Here’s a piece I wrote today on the fly for the campus LGBTQ magazine

          Fellow Progressives, I am most displeased. Current events are looking grim from New England to here in Mid-Missouri.  With quality health care for all of us in jeopardy and an economy scrambling to get itself in order, I guess it could be easy to overlook local news and a tiny little ballot measure happening on the east coast during off-year elections. However, it’s when people miss these details that we get blindsided as much as we have in recent weeks.

          As a Center for Social Justice staff member, I get quite comfortable in my queer, feminist, safe space/stronghold. It’s a warm little bubble where people are respectful and inclusive. Sometimes I forget that not all of the people in Columbia hold to these values. On Thursday, October 29th two brothers, James and Michael Pezold, originally from O’Fallon, MO were arrested at Wal-Mart for committing what was clearly a hate crime. The brothers had been circling the parking lot pelting families with racial slurs.  This eventually led to James Pezold knocking a 2-year-old child down with his vehicle and driving away. Fortunately, the child sustained minor injuries and no one else was physically harmed. Honestly. A two-year-old. Here in the Columbia that I have grown to naively consider a friendlier place for minorities than the town I grew up in. I have been sincerely disappointed. One moral (among many) found from that story: avoid Wal-Mart at all costs.

           In not-so-local news, marriage equality has taken yet another upsetting blow. The feelings I have about Maine’s Proposition One debacle can be summed up pretty easily: Seriously?! Seriously, Maine, I thought you had yourself together. However, 53% of voters said, “Yes” to this ballot measure and repealed the right for same-sex couples to marry in the state. I am genuinely surprised and upset, but should I be?  It is the 31st time that marriage equality has failed as public referendum. You would have thought that after the massive, powerful backlash from the Prop 8 mess in California that progressives would have been on the offensive to make sure it didn’t happen again. Where did we go wrong in Maine? All the coverage of the  “No On 1” campaign showed them as organized and optimistic. I’ve been an intern on grassroots campaigns before and this shakes my faith in the work that organizers are doing. There are people on the far right saying that what happened in Maine shows that the fight is over, that Americans truly aren’t interested in marriage equality. Their implication that there is no fight left in the queer community might be what pains me the most to hear, because I know that is far from the truth.

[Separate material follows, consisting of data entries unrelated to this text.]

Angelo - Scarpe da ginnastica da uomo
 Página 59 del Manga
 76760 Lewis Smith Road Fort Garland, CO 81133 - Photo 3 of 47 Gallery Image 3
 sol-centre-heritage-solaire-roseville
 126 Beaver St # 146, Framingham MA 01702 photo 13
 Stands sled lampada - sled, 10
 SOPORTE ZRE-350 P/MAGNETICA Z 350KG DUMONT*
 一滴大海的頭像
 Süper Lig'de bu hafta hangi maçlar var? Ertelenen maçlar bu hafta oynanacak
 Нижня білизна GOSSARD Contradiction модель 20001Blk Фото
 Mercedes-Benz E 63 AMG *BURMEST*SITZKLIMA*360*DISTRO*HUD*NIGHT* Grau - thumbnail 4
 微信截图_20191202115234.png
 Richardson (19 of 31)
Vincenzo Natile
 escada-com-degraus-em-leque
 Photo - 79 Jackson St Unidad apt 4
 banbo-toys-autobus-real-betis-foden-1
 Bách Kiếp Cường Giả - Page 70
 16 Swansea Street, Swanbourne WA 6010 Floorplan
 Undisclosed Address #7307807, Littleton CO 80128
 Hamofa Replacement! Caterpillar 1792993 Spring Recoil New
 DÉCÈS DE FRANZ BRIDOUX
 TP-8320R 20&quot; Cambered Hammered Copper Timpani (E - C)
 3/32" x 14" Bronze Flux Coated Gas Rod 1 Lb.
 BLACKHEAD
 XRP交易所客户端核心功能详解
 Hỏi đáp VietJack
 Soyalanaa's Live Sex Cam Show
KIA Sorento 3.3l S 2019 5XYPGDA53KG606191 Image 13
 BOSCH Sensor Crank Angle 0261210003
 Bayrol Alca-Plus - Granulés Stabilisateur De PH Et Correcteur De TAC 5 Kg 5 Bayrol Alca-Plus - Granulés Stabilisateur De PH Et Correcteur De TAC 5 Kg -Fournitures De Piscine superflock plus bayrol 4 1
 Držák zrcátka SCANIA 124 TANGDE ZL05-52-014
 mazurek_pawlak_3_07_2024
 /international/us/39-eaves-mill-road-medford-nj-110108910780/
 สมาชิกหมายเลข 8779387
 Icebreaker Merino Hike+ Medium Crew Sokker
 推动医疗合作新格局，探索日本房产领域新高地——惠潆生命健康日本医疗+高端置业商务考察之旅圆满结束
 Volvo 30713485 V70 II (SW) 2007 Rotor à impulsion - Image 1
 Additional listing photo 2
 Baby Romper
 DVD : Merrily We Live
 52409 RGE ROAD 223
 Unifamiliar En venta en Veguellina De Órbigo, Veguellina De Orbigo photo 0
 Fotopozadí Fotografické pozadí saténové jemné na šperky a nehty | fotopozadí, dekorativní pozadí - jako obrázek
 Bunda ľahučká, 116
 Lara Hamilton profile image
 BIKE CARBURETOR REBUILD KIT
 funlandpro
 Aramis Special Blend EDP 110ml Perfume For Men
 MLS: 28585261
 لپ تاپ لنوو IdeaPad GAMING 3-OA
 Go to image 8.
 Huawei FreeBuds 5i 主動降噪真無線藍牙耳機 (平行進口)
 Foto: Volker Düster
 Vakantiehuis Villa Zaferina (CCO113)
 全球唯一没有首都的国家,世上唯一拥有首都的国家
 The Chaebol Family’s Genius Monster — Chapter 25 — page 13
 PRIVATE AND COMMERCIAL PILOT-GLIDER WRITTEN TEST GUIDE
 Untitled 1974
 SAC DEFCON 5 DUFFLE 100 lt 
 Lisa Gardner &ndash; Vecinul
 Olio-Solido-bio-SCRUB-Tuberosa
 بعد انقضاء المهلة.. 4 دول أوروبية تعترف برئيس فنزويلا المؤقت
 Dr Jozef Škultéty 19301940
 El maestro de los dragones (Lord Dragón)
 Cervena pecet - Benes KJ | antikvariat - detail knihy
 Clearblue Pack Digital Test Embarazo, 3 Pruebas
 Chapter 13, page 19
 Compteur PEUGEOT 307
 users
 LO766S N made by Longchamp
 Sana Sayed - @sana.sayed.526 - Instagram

           At this moment, I find myself wondering where have all the safe spaces gone?  If the coasts are not bulletproof from hypocrisy and hate crimes are happening in our backyard, where do we go? Equality seems scarce and fleeting, so I say we keep our eyes open to the events that don’t always make the headlines. I say we stay here and hold our ground in our corner of the world. Let’s make our warm and happy bubble of social justice just a little bit bigger.

 

Hi. Let’s be friends.

But  on one condition:

You must set aside all douchebaggery. That said…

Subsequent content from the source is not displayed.